Era forse il sequel più atteso della stagione, che arrivava a oltre vent’anni dal clamoroso successo del film del 1996. Dopo una lunga serie di rifiuti e ripensamenti, Danny Boyle e l’intera banda di Trainspotting si sono finalmente decisi a far risorgere dalle proprie ceneri i personaggi nati dalla penna di Irvine Welsh, ispirandosi molto liberamente al libro “Porno” del 2002. Ma è evidente che l’ispirazione è solo in parte genuina, i tempi sono cambiati, i protagonisti invecchiati, e sull’intera operazione aleggia una triste atmosfera di sterilità e anacronismo.

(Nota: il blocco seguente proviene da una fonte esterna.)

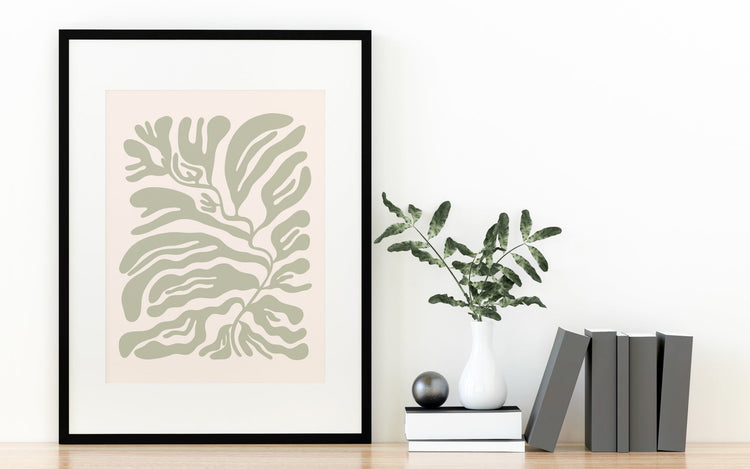 Sage Green Abstract Pattern Print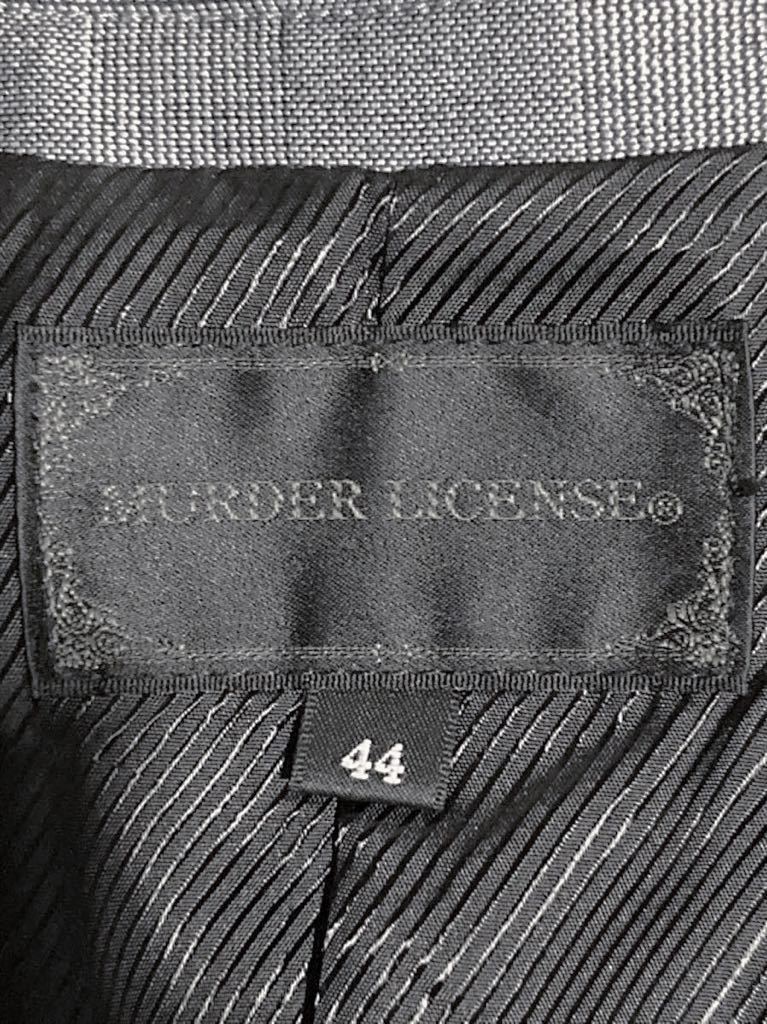 テーラード ジャケット MURDER LICENSE マーダーライセンス グレンチェック　サイズ44 シルバー グレー　メンズ　ビンテージ　Mサイズ_画像5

53307Lo storico sceneggiatore John Hodge riparte da Renton (McGregor), che era fuggito col malloppo alla fine del primo capitolo: ora è reduce da un piccolo infarto e, soprattutto, da un divorzio che lo costringe a fare ritorno a Edimburgo. Qui ritrova Spud (Bremner), ancora schiavo dell’eroina e in preda a manie suicide, e Sick Boy (Miller), che si mantiene ricattando personaggi facoltosi. In città c’è anche l’irascibile Begbie (Carlyle), riuscito avventurosamente a evadere dal carcere e non dimentico del tradimento subìto dall’amico. C’è un nuovo progetto in conto, la costruzione di un bordello di lusso, ma anche tanto rimpianto per il passato, per le famose “scelte” fatte…

Tutto il film è un continuo rimando alla pellicola precedente, divenuta cult sin dalla sua uscita grazie allo stile folgorante e a una presa immediata sull’immaginario di un’intera generazione. Al contrario, questo seguito ritardatario non farà epoca, pur nel rispetto dovuto a temi e situazioni che i fan non tarderanno a riconoscere. L’operazione nostalgia si esaurisce nei richiami musicali di Rick Smith degli Underworld e in alcune trovate registiche effettivamente indovinate (l’incontro nei bagni tra Renton e Begbie non delude), ma si perde il ritmo febbrile, l’urgenza narrativa e, soprattutto, l’esaltazione dell’attimo. Anche l’aggiornamento del celebre monologo “choose” di McGregor appare privo di reale impegno. Era un sequel che si doveva fare, è stato fatto, anche se il treno era già passato da un pezzo.